Bison, pigeons & wolverines: A glimpse into the past

We like to think of Minnesota past as a paradise of wildlife, but the paradise may have been lost longer ago than we think. I recently received a copy of “A Century of Minnesota Wild Life” by Walter J. Breckenridge published in Minnesota History, a publication of the Minnesota Historical Society, in June, September, 1949. Breckenridge was the director of the Minnesota Museum of Natural History at the University of Minnesota. It offers remarkable insight regarding the state’s native game species.

While the state was settled by Europeans during the 1800s, the first explorers arrived in the 1600s, followed by fur traders. The records quoted by Breckenridge begin in the early 1800s, when some game species, such as bison, were already in decline. William Keating, who explored the Mississippi and Minnesota rivers in 1823, noted that few bison remained. His party saw an abundance of passenger pigeons, but its hunter only killed two or three dozen birds in a distance of over 200 miles. On the same expedition, travelling from Lake of the Woods to Lake Superior along the border lakes, Keating wrote, “From Rainy Lake to Lake Superior we did not meet with a single quadruped. The only animals we saw were about 30 or 40 birds, chiefly ducks.”

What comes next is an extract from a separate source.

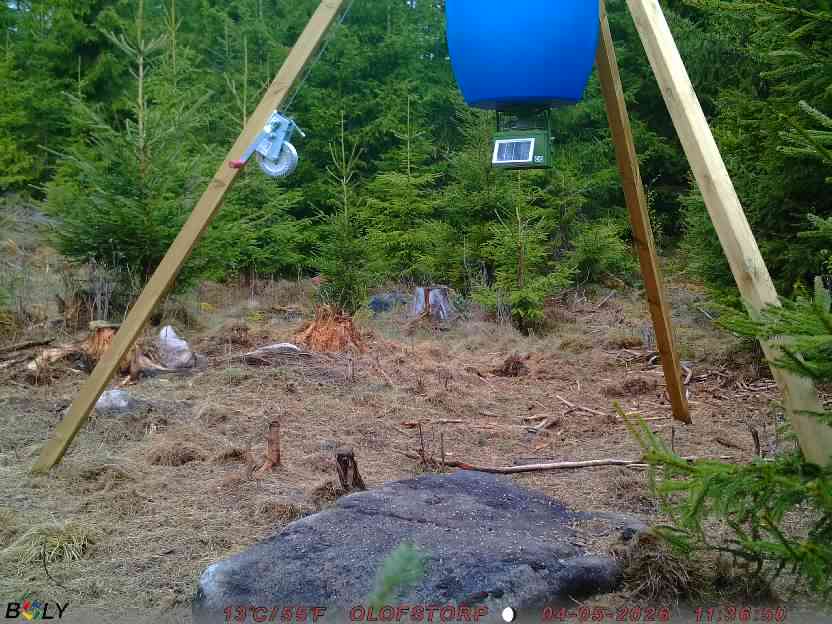 Bild från STORATRÄA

In western Minnesota, bison remained numerous until the mid 1800s. Their early abundance was astounding. In the spring of 1801, trader Alexander Henry reported seeing a continuous line of dead bison floating in the Red River south of Pembina after they apparently drowned while attempting to cross the river on poor ice. The rotting carcasses continued floating past for two days, creating an overwhelming stench. In 1866, R.M. Probstfield reported seeing a bison herd numbering “10,000 or 100,000 for all we could tell” on the Dakota bank of the Red River. The last authentic report of bison in the state was a group of four in Norman County in 1880. Henry H. Sibley thought the last bison east of the Mississippi (in Wisconsin) were two killed by Sioux hunters along the Trempealeau River in 1832.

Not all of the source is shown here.